In my code I’m sending a request to a text-to-speech API and receiving a stream of data that represents audio chunks in mp3 format. I write the data to a mp3 file and it works perfectly:
def textToSpeech(text):
CHUNK_SIZE = 1024
url = "https://api.elevenlabs.io/v1/text-to-speech/pNInz6obpgDQGcFmaJgB"
headers = {
"Accept": "audio/mpeg",
"Content-Type": "application/json",
"xi-api-key": "mykey",
}
data = {
"text": text,
"model_id": "eleven_multilingual_v2",
"voice_settings": {"stability": 0.5, "similarity_boost": 0.75},
}
response = requests.post(url, json=data, headers=headers)

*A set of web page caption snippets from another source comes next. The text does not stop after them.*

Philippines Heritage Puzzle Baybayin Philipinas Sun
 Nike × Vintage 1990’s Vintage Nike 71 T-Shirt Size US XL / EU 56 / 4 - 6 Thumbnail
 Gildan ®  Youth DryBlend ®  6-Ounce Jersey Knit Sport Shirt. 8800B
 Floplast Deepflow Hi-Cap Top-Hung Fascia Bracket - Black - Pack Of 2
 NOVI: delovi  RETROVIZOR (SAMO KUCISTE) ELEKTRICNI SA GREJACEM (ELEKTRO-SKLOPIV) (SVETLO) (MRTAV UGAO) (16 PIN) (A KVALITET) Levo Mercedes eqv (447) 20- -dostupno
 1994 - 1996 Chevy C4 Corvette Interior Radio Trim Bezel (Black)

if response.status_code == 200:
with open("original/test.mp3", "wb") as f:
for chunk in response.iter_content(chunk_size=CHUNK_SIZE):
if chunk:
f.write(chunk)
return response.status_code
I want to write the data to a wav file and not mp3 file. I know I can convert that file to wav easily but I want to save I/O operations as I’m calling this function alot.
Simply opening wav file and writing to it will result in a corrupted file.
Another way is to use the wave library to open wav file and write the stream to it:
with wave.open("original/test.wav", "wb") as f:
f.setnchannels(1)
f.setsampwidth(2)
f.setframerate(44100)
for chunk in response.iter_content(chunk_size=CHUNK_SIZE):
if chunk:
audio_data = AudioSegment.from_mp3(io.BytesIO(chunk))
f.writeframes(audio_data.raw_data)
But the result isn’t in a good quality as I expected, although the values of number of channels, sampling width and framerate are the right values that is expected from the response.